──────── DATA EXTRACTS ────────

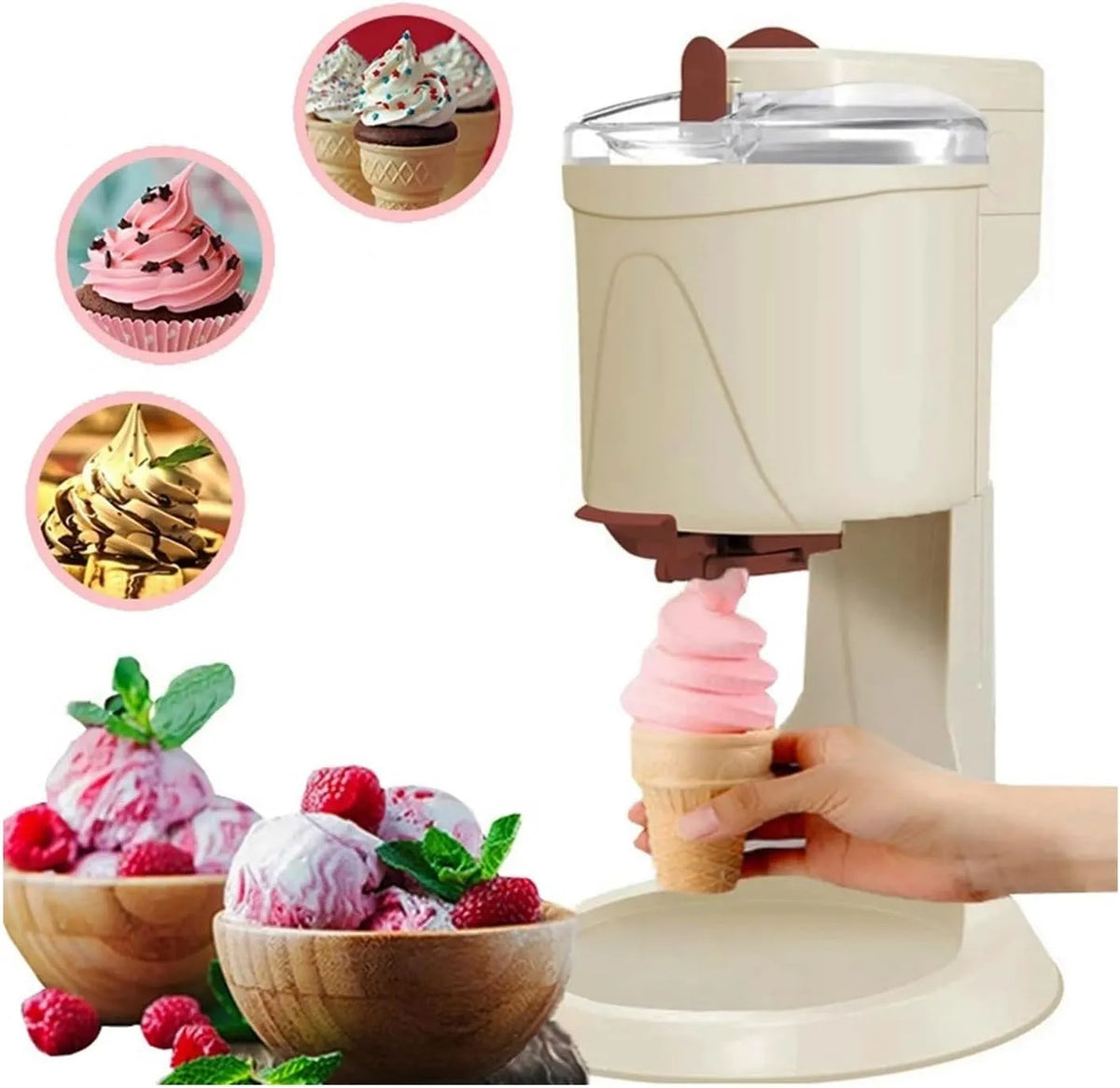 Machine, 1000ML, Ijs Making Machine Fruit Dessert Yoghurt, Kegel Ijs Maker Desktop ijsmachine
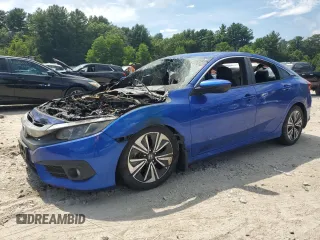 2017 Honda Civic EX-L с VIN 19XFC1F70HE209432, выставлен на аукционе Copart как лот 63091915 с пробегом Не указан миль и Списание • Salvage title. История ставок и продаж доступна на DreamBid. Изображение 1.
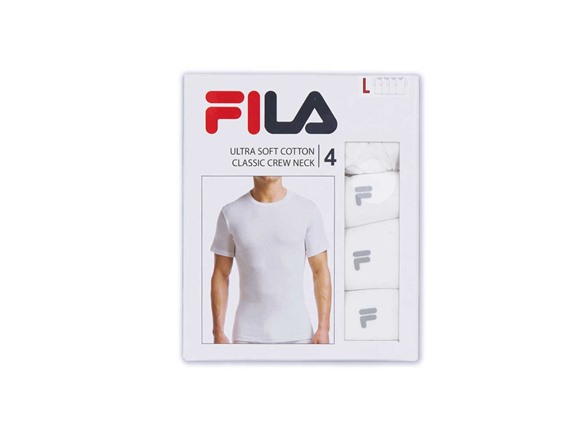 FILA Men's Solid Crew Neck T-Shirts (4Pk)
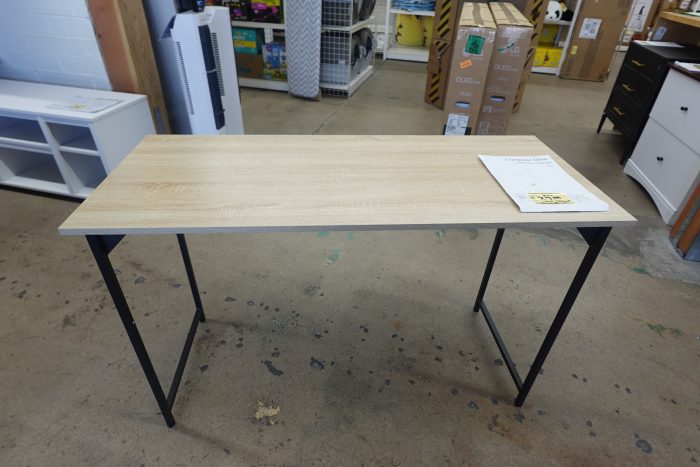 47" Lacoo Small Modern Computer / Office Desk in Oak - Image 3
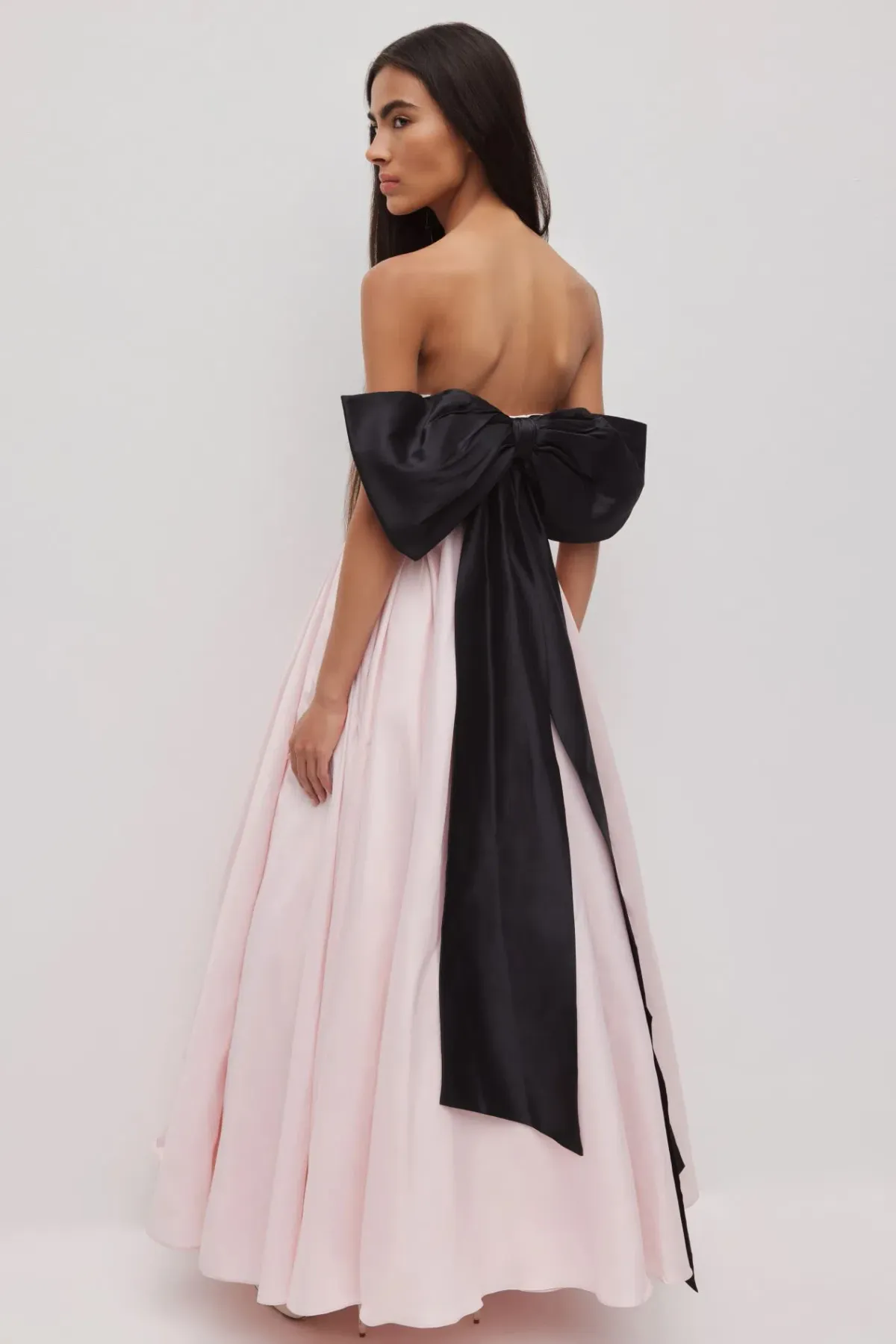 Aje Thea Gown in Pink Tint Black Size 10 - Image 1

────────

ASSIGNED TASK
All entries above must be repeated exactly; pictures are to be left out.

EXERCISE OUTPUT
 Machine, 1000ML, Ijs Making Machine Fruit Dessert Yoghurt, Kegel Ijs Maker Desktop ijsmachine
 2017 Honda Civic EX-L с VIN 19XFC1F70HE209432, выставлен на аукционе Copart как лот 63091915 с пробегом Не указан миль и Списание • Salvage title. История ставок и продаж доступна на DreamBid. Изображение 1.
 FILA Men's Solid Crew Neck T-Shirts (4Pk)
 47" Lacoo Small Modern Computer / Office Desk in Oak - Image 3
 Aje Thea Gown in Pink Tint Black Size 10 - Image 1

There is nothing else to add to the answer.